|Support type:||Scholarships in Brazil - Scientific Initiation|
|Effective date (Start):||November 01, 2019|
|Effective date (End):||December 31, 2020|
|Field of knowledge:||Biological Sciences - Morphology - Cytology and Cell Biology|
|Principal Investigator:||Marcela Sorelli Carneiro Ramos|
|Grantee:||Juliana Almeida Tamashiro|
|Home Institution:||Centro de Ciências Naturais e Humanas (CCNH). Universidade Federal do ABC (UFABC). Ministério da Educação (Brasil). Santo André , SP, Brazil|
Cardiovascular diseases (CVD) are the cause of much of the deaths, due not only to genetic factors, but also to environmental factors, due to the modern way of life. However, they may be secondary to other diseases, such as cardiorenal syndromes (SCRs).

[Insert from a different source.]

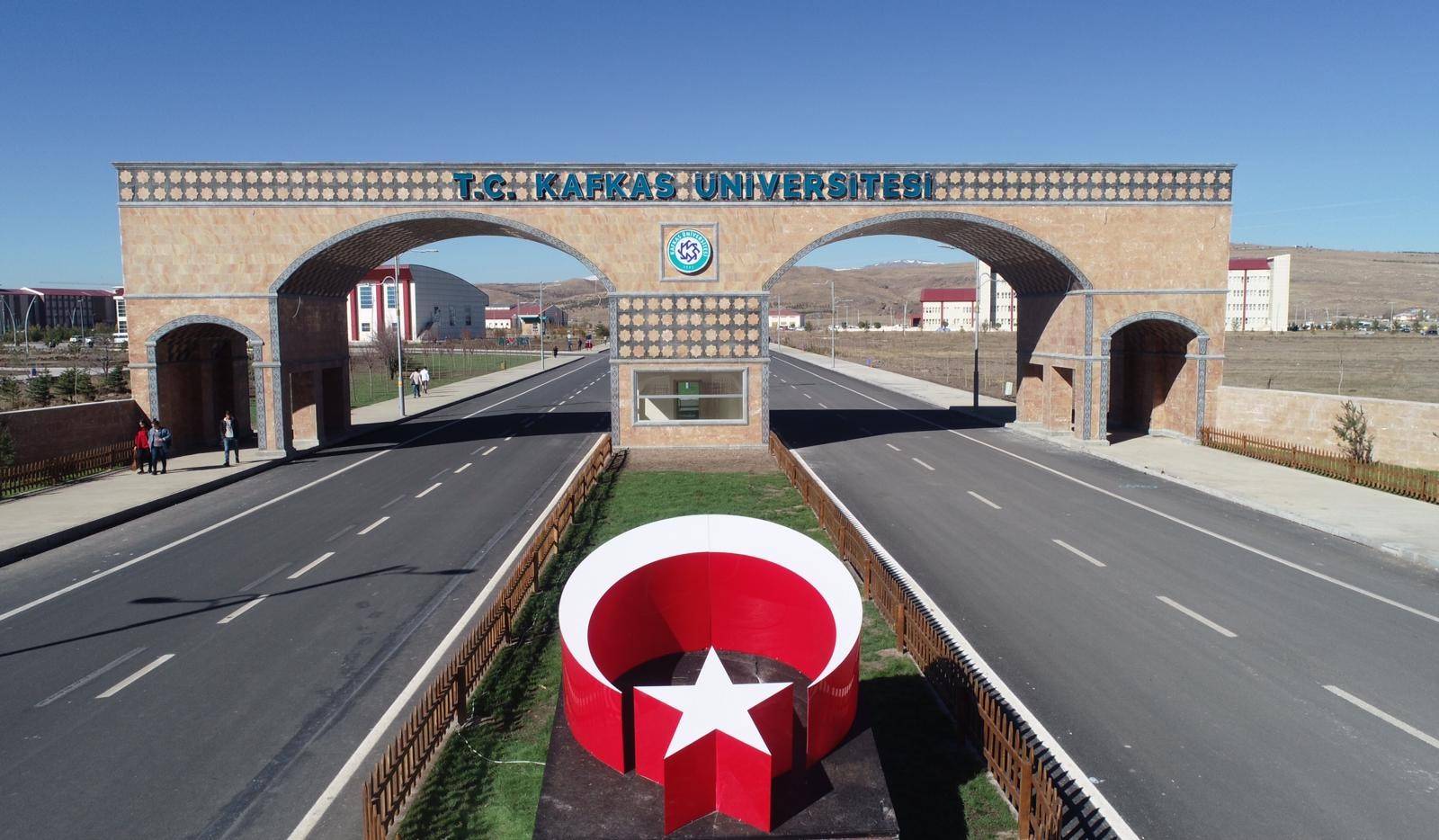 Kafkas Üniversitesi öğretim üyeleri alıyor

Cardiorenal syndromes are diseases that show the intense connection between the functioning of the kidneys and the heart and are subdivided into five categories. Cardiorenal Syndrome type 3 (SCR 3) is characterized by renal injury that triggers damage to cardiac tissue. One of the lesions that can generate this type of disease is acute renal injury, as is the case of ischemia and reperfusion injury, very common in hemorrhagic shocks and kidney transplants. Although many factors compose the pathophysiology of this syndrome, our laboratory has already identified the great relevance of the immune system and oxidative stress in cardiac changes induced by ischemic renal injury. In this sense, the immune system, through the pro-inflammatory cytokines IL-6 and IL-1², promotes cardiac structural alterations such as cardiac hypertrophy, in addition to electrical changes induced by ischemic renal injury. Considering that: I) the cellular and molecular mechanisms involved in the development of SCR 3 are not yet fully understood and II) the oxidative stress generated by the imbalance between oxidant components and antioxidants generated in ischemia injury is an important component in the modulation of renal and cardiac functions; the present study aims to evaluate the role of oxidative stress in cardiac changes induced by renal ischemia. To do so, we will use models of renal cell culture that will be submitted to hypoxia and, subsequently, we will perform the treatment of cardiomyocytes submitted to the culture medium conditioned by renal cells previously submitted to hypoxia. The molecular parameters related to cardiac trophism, as well as parameters related to inflammatory status and redox balance, will be evaluated. The purpose of the in vitro experiments is to characterize the cellular mechanisms involved in the development of SCR 3, previously established in our laboratory studies, using in vivo models.